Washington, Oct 11 (DPA) US stocks swung wildly Friday amid fears of a widening global credit crunch and recession.The Dow Jones Industrial Average was down more than 4 percent by early afternoon in a wild trading day on Wall Street. The Dow plunged nearly 700 points to below 8,000 within minutes of opening, but had roared all the way to its starting point about 30 minutes later amid widespread uncertainty over the state of the US economy.

After rebounding from another over-500-point drop in the afternoon, the Dow was at 8,901.28 points, but lost again at closing.

At the end of a roller coaster day, the Dow closed down just 128 points, or 1.49 percent, to 8,451.19. The broad-based Standard and Poor’s 500 tumbled 10.70 points, or 1.18 percent, to 899.22. The high-tech Nasdaq Composite index gained 4.39 points, or 0.27 percent, to 1,649.51.

“The markets are being driven by emotion and rumour,” Alan Gayle, a strategist at Ridgeworth Investments, told Bloomberg News.

Financial, energy and retail stocks led the retreat. Retail giant Macy’s Inc dropped as much as 19 percent on a poor profit forecast, while Exxon Mobil Corp was down 12 percent as crude oil fell below $80 dollars per barrel in New York.

The dollar rose against the Japanese currency to 100.62 yen from 99.62 yen on Thursday. The dollar also rose against the euro to 74.60 euro cents from 73.54 euro cents on Thursday.

Stocks around the world also plummeted Friday and some countries temporarily halted trading as US and global moves to shore up financial institutions were unable to reduce fears that a recession was on the horizon.

Finance ministers and central bank heads from the Group of Seven (G7) industrial nations met in Washington Friday for the first time since the financial crisis spun out of control last month.
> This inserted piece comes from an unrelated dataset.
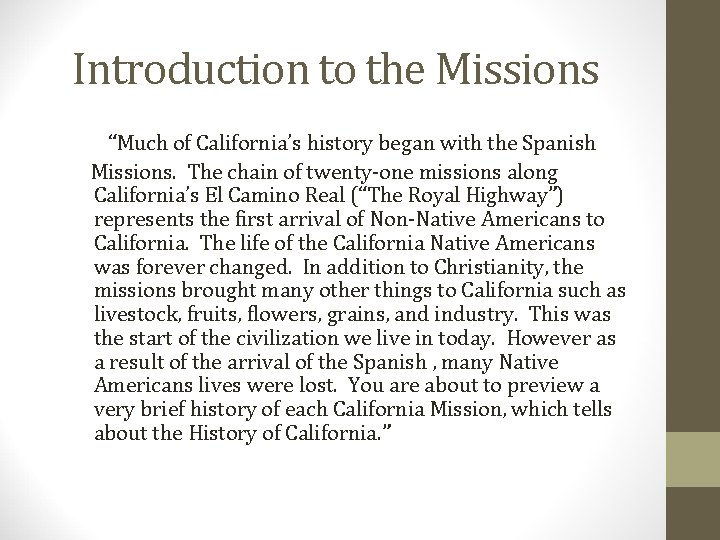 Introduction to the Missions “Much of California’s history began with the Spanish Missions. The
While the bloc hoped to quell some of the market fears and show the world was unified in tackling the financial turmoil, it was reluctant to offer a common, cross-border solution to shore up banks on the brink of bankruptcy in their own countries.

German Finance Minister Peer Steinbrueck said the German government was open to taking a stake in its banks in order to help inject capital into the sector and warned that “case-by-case” interventions were no longer possible.

But he also said the type of government interventions would have to differ from country to country and did not suggest an international plan was in the works.

International Monetary Fund Managing Director Dominique Strauss-Kahn warned Friday that the only way to restore market confidence was through “government intervention which is clear, comprehensive and cooperative among countries”.

US President George Bush offered assurances Friday that his government was doing all it could to keep the world’s largest economy afloat.

Bush said a “startling” drop in US stocks in the last few days was being “driven by uncertainty and fear” and insisted the US already had all the tools necessary to resolve the financial crisis.

“This has been a deeply unsettling period for the American people,” Bush acknowledged. “We will continue to act to resolve this crisis and restore stability to our markets.”

However, Bush announced no new moves to ease the US credit crunch that has curbed the availability of loans to consumers and small businesses.